Re: [Gluster-devel] [Release-8] Thin-Arbiter: Unique-ID requirement

2020-02-04 Thread Amar Tumballi
On Tue, Jan 14, 2020 at 2:37 PM Atin Mukherjee 
wrote:

> From a design perspective 2 is a better choice. However I'd like to see a
> design on how cluster id will be generated and maintained (with peer
> addition/deletion scenarios, node replacement etc).
>
>
Thanks for the feedback Atin.


> On Tue, Jan 14, 2020 at 1:42 PM Amar Tumballi  wrote:
>
>> Hello,
>>
>> As we are gearing up for Release-8, and its planning, I wanted to bring
>> up one of my favorite topics, 'Thin-Arbiter' (or Tie-Breaker/Metro-Cluster
>> etc etc).
>>
>> We have made thin-arbiter release in v7.0 itself, which works great, when
>> we have just 1 cluster of gluster.
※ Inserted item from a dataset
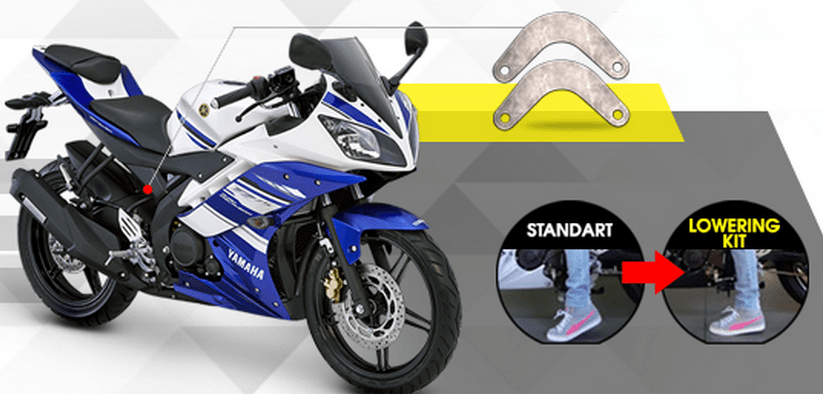 Lowering Kit R15. Impresi Memakai Lowering Kit Daytona Untuk Yamaha R15
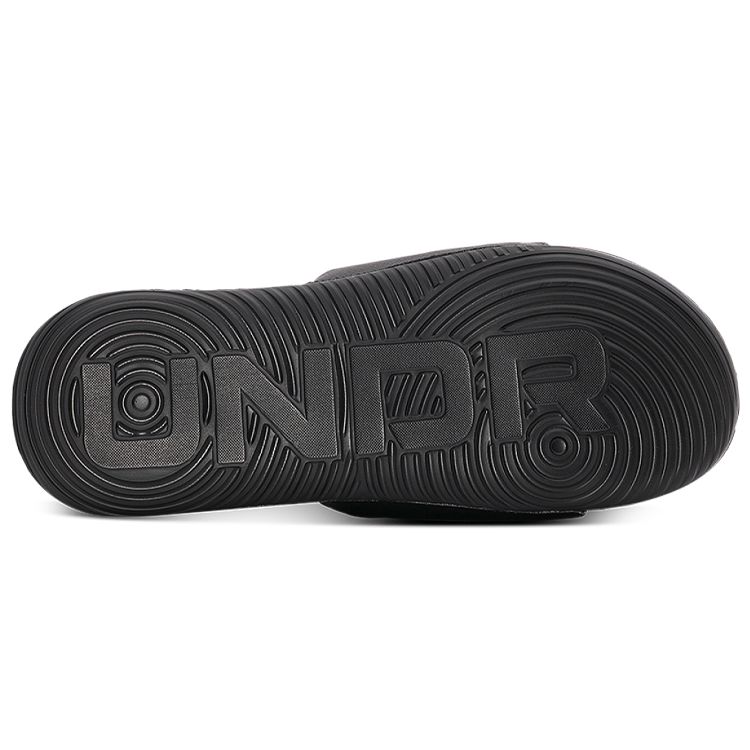 Under Armour Ansa Graphic Logo Comfortable Versatile Quick-Dry Slide Sandals Men Footwear Black 3024435-002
I am talking about a situation which
>> involves multiple gluster clusters, and easier management of thin-arbiter
>> nodes. (Ref: https://github.com/gluster/glusterfs/issues/763)
>>
>> I am working with a goal of hosting a thin-arbiter node service (free of
>> cost), for which any gluster deployment can connect, and save their cost of
>> an additional replica, which is required today to not get into split-brain
>> situation. Tie-breaker storage and process needs are so less that we can
>> easily handle all gluster deployments till date in just one machine. When I
>> looked at the code with this goal, I found that current implementation
>> doesn't support it, mainly because it uses 'volumename' in the file it
>> creates. This is good for 1 cluster, as we don't allow duplicate volume
>> names in a single cluster, or OK for multiple clusters, as long as volume
>> names are not colliding.
>>
>> To resolve this properly we have 2 options (as per my thinking now) to
>> make it truly global service.
>>
>> 1. Add 'volume-id' option in afr volume itself, so, each instance picks
>> the volume-id and uses it in thin-arbiter name. A variant of this is
>> submitted for review - https://review.gluster.org/23723 but as it uses
>> volume-id from io-stats, this particular patch fails in case of brick-mux
>> and shd-mux scenarios.  A proper enhancement of this patch is, providing
>> 'volume-id' option in AFR itself, so glusterd (while generating volfiles)
>> sends the proper vol-id to instance.
>>
>> Pros: Minimal code changes to the above patch.
>> Cons: One more option to AFR (not exposed to users).
>>
>> 2. Add* cluster-id *to glusterd, and pass it to all processes. Let
>> replicate use this in thin-arbiter file. This too will solve the issue.
>>
>> Pros: A cluster-id is good to have in any distributed system, specially
>> when there are deployments which will be 3 node each in different clusters.
>> Identifying bricks, services as part of a cluster is better.
>>
>> Cons: Code changes are more, and in glusterd component.
>>
>> On another note, 1 above is purely for Thin-Arbiter feature only, where
>> as 2nd option would be useful in debugging, and other solutions which
>> involves multiple clusters.
>>
>> Let me know what you all think about this. This is good to be discussed
>> in next week's meeting, and taken to completion.
>>
>
After some more code reading, and thinking about possible solutions, I
found that there is another simpler solution to get this resolved for
multiple cluster.

Currently thin-arbiter file name for a replica-set is picked from what is
the 3rd (ie, index=2) option in 'pending-xattr' key in volume file. If we
get that key to be unique (say volume-id + index-of-replica-set), this
problem is solved. Needs minimum change in code for glusterfs (actually, no
code change in filesystem part, but only in glusterd-volgen.c).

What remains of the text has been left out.